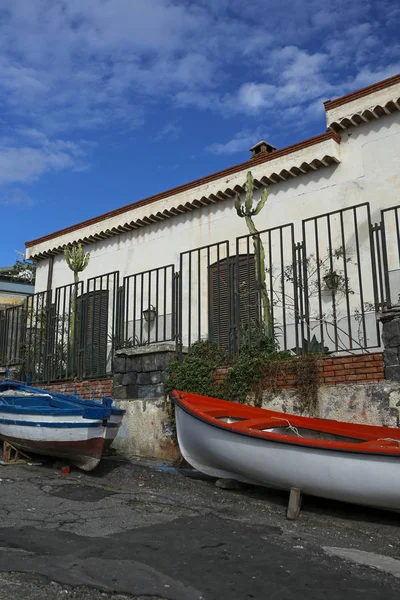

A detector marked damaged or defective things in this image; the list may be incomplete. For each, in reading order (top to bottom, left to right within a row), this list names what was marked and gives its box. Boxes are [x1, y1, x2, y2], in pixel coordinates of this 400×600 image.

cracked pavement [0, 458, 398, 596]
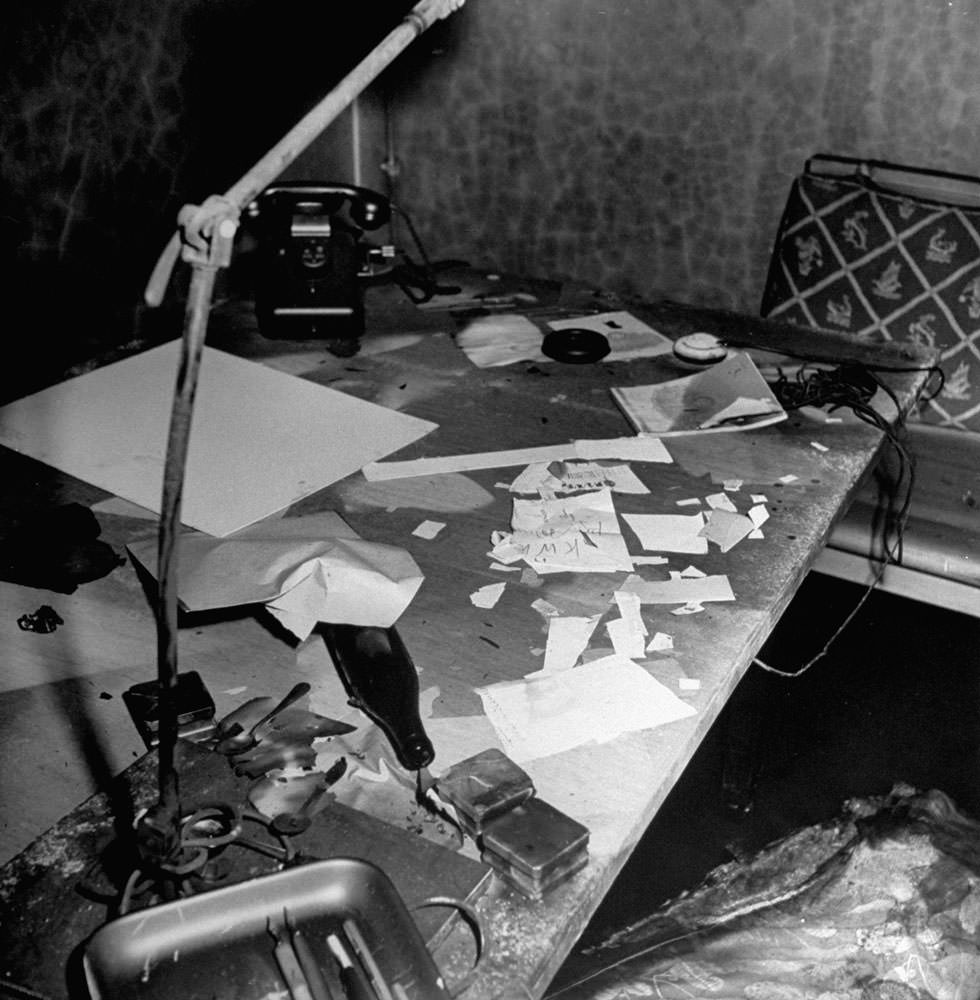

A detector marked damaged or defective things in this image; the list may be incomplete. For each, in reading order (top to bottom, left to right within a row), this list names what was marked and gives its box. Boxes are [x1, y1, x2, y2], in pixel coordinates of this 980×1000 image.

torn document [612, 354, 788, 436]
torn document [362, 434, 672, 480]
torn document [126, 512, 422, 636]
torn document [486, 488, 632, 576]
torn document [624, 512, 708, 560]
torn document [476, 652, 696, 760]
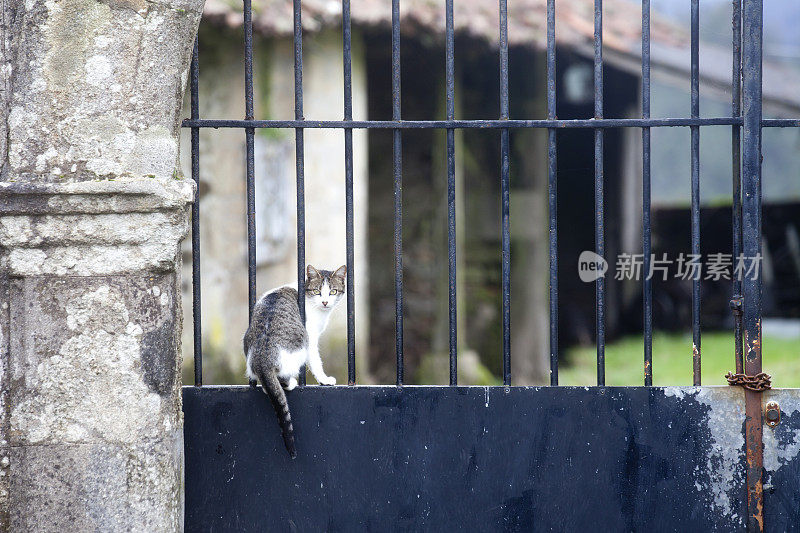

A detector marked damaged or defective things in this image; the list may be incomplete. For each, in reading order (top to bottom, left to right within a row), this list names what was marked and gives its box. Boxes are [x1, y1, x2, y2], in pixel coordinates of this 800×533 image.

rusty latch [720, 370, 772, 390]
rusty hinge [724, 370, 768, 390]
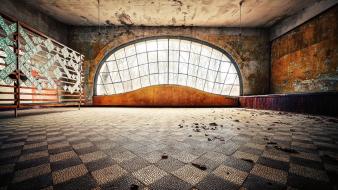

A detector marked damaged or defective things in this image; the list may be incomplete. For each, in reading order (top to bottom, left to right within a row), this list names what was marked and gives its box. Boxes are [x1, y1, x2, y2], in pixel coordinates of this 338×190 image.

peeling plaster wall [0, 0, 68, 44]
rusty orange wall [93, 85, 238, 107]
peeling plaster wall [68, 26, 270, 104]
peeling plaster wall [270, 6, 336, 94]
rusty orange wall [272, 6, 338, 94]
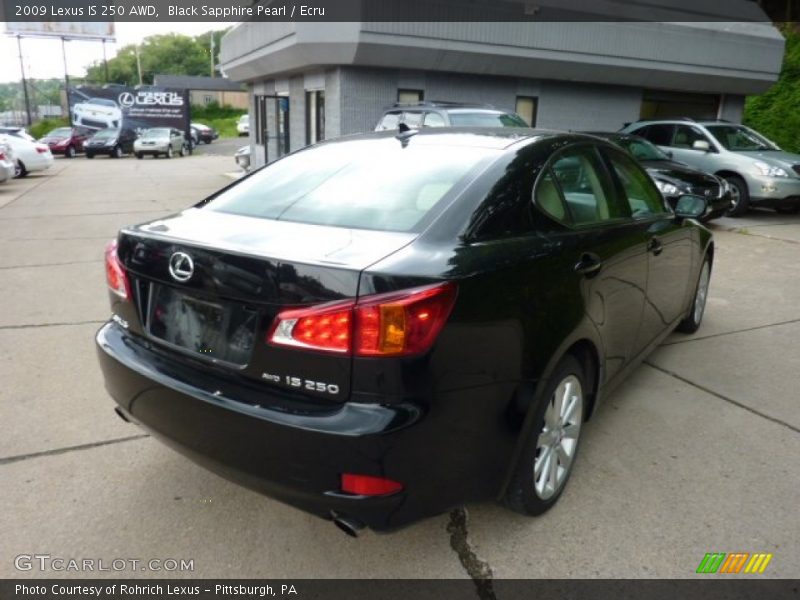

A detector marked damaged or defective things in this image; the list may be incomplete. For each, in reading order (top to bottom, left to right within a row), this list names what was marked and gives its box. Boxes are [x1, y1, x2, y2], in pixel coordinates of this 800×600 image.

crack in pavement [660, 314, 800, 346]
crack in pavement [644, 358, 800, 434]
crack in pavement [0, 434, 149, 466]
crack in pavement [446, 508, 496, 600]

◆ Directions: Each line from the one containing "this 800×600 image." to the final line of the entries above must be returned exactly, and no other line may appear.

◆ Output for this exercise:
A detector marked damaged or defective things in this image; the list may be incomplete. For each, in reading order (top to bottom, left to right within a row), this list names what was marked and gives its box. Boxes are [x1, y1, x2, y2], in pixel coordinates of this 800×600 image.

crack in pavement [660, 314, 800, 346]
crack in pavement [644, 358, 800, 434]
crack in pavement [0, 434, 149, 466]
crack in pavement [446, 508, 496, 600]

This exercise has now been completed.